Anında elektronik iletişimin varlığı, ister zengin ister yoksul olalım,
yaşamlarımızın tüm dokusunun değişmesine neden oluyor. (Giddens 2000, s.24)
Yalnızca Dünya Değil Tüm Yaşamımız Değişiyor!
Enformasyon teknolojilerinin alt-yapısındaki muazzam değişimle
birlikte, ekonominin sanayi ağırlıklı olmaktan çıkıp hizmet sektörüne
odaklanması yaşamımız üzerinde belirgin bir etkiye sahip. Bilgi, eğlence,
iletişim, elektronik ve finans alanındaki hizmetler ekonominin can damarı
haline gelince yaşamlarımız da ona göre şekillenmeye başlıyor.
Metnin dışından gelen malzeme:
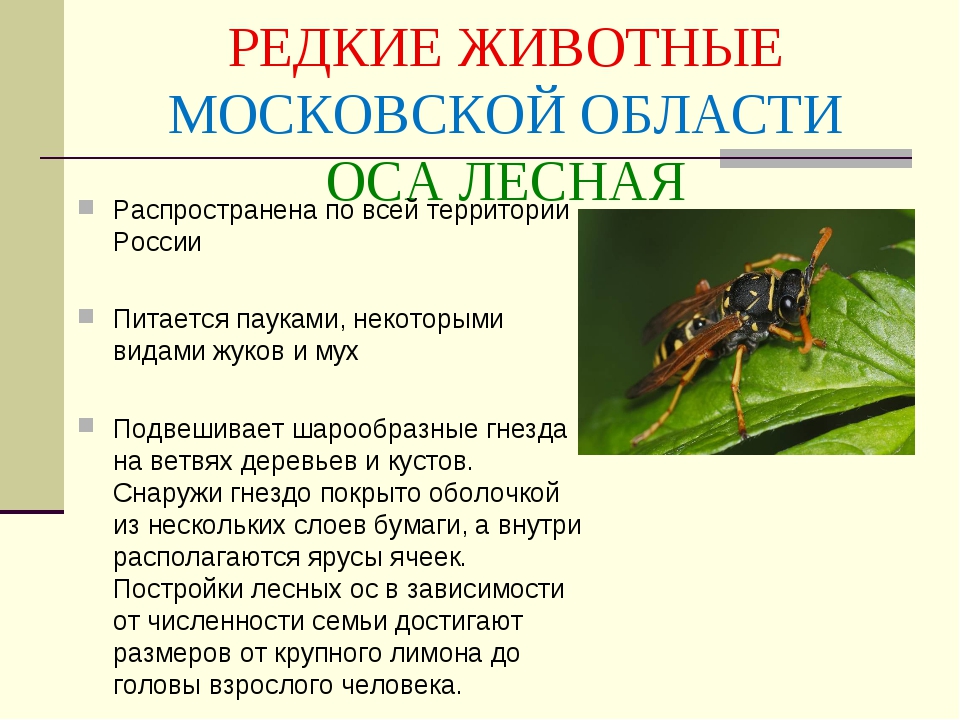 Животные красной книги подмосковья. Редкие животные Московской области. Редкое животное в Московской области. Редкое животное Подмосковья.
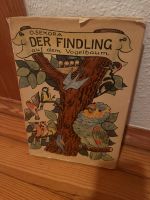 Altes Kinderbuch „Der Findling auf dem Vogelbaum“ Friedrichshain-Kreuzberg - Kreuzberg Vorschau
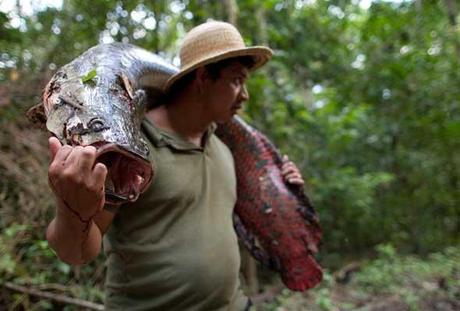El arapaima es cargado a hombros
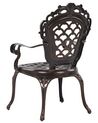 Set of 2 Garden Chairs Brown LIZZANO_765549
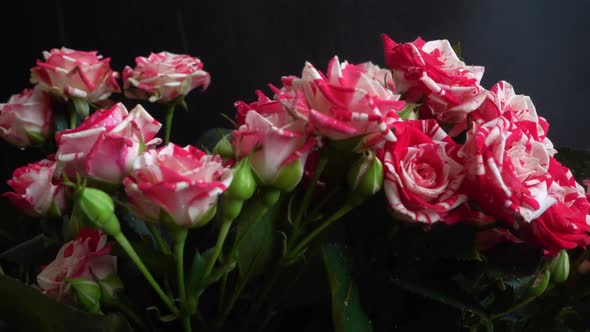 Roses on a black background. Falling drops of water on flowers.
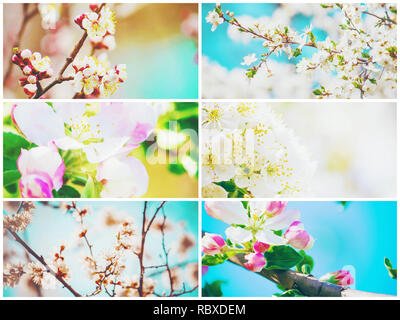 Frühjahr blühenden Bäume. Collage. Selektive konzentrieren. Natur. Stockfoto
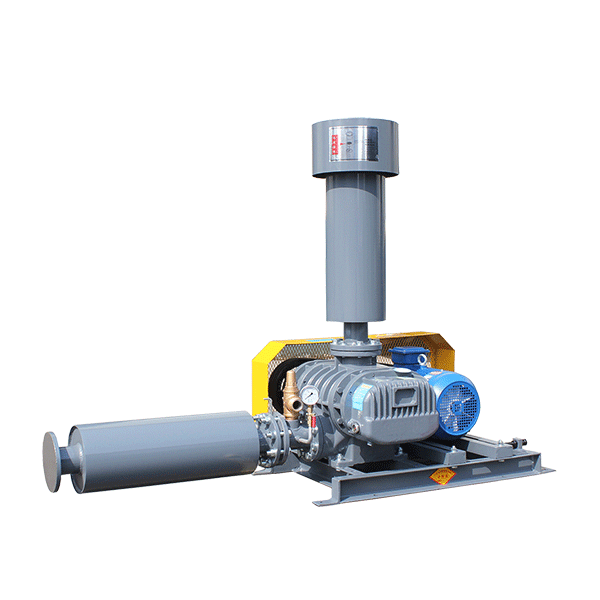 roots blower vacuum pumps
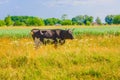 Cow grazing in a meadow. Cattle standing in field eating green grass Royalty Free Stock Photo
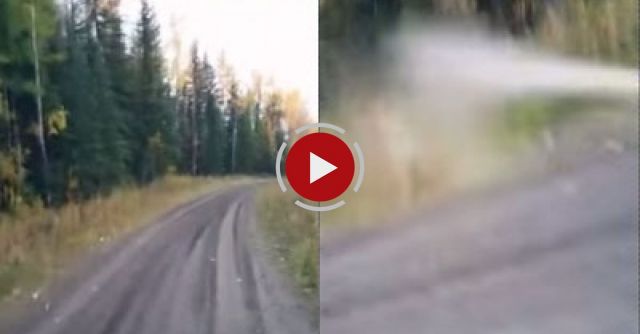 Dual Cougar Attack In Northern Alberta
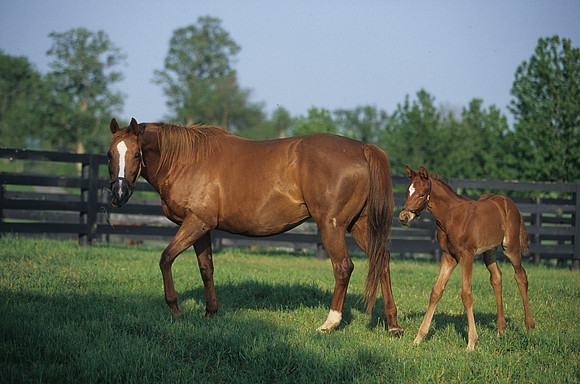 mareandfoal415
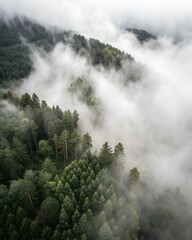 A misty forest with tall trees and rolling hills in the background.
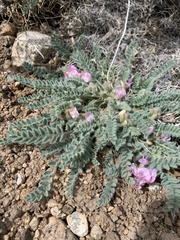 Astragalus parryi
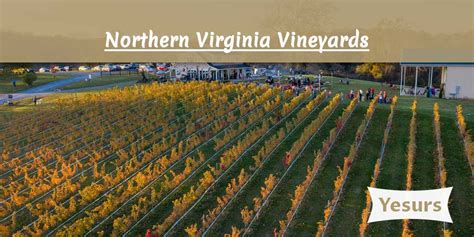 Northern Virginia Vineyards And Wineries
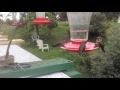 Foothill Hummingbirds feeding, Alan and Anna蜂鳥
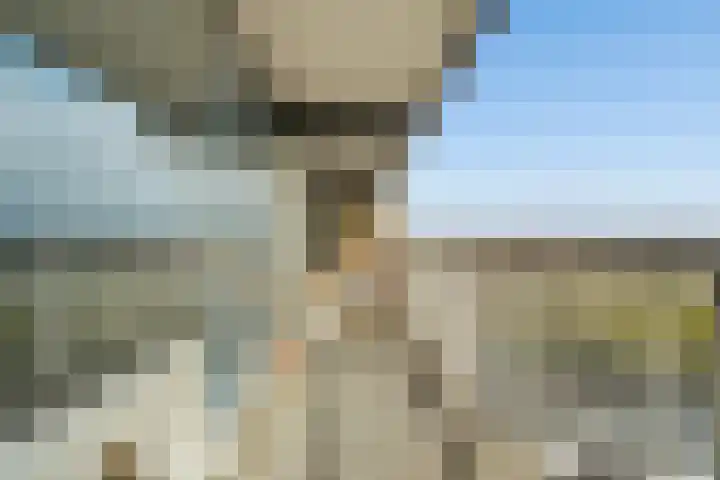 Volendamlaan 868 Den Haag thumbnail 16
Çalışma yaşamından kaynaklanan bu değişiklikler haricinde, enformasyon
teknolojilerinin yaşamımızda yol açtığı yenilikler küreselleşmeyi,
"orada" bizden uzaklarda olan bir şey değil aynı zamanda
"burada" yanı başımızda olup, yaşamlarımızın mahrem ve kişisel
yönlerini de (cinsellik, evlilik, aile) derinden etkileyen bir olgu olarak
görmemizi gerektiriyor. Bir süreden beri özellikle elit tabakanın ama giderek
enformasyon teknolojilerini kullanan herkesin yaşamında "burası", ve
"orası", "iç" ve "dış", "yakın" ve
"uzak" ayrımlarının bir anlamı kalmadı. Dünyanın herhangi bir yerinde
olan olay, dünyanın herhangi bir yerindeki insanın gündemine giriyor.
Ulaşım araçlarındaki gelişim de, dünyanın dört bir yanına daha çok
hareket etmemize, coğrafyanın hayatımızdan silinmesine önemli bir katkı yapıyor
(Bauman 1999a, S.20). Tüm bunların sonucu olarak kendimiz hakkındaki düşüncemiz
ve başkalarıyla ilişki kurma biçimlerimizde dünya çapında bir devrim yaşanıyor.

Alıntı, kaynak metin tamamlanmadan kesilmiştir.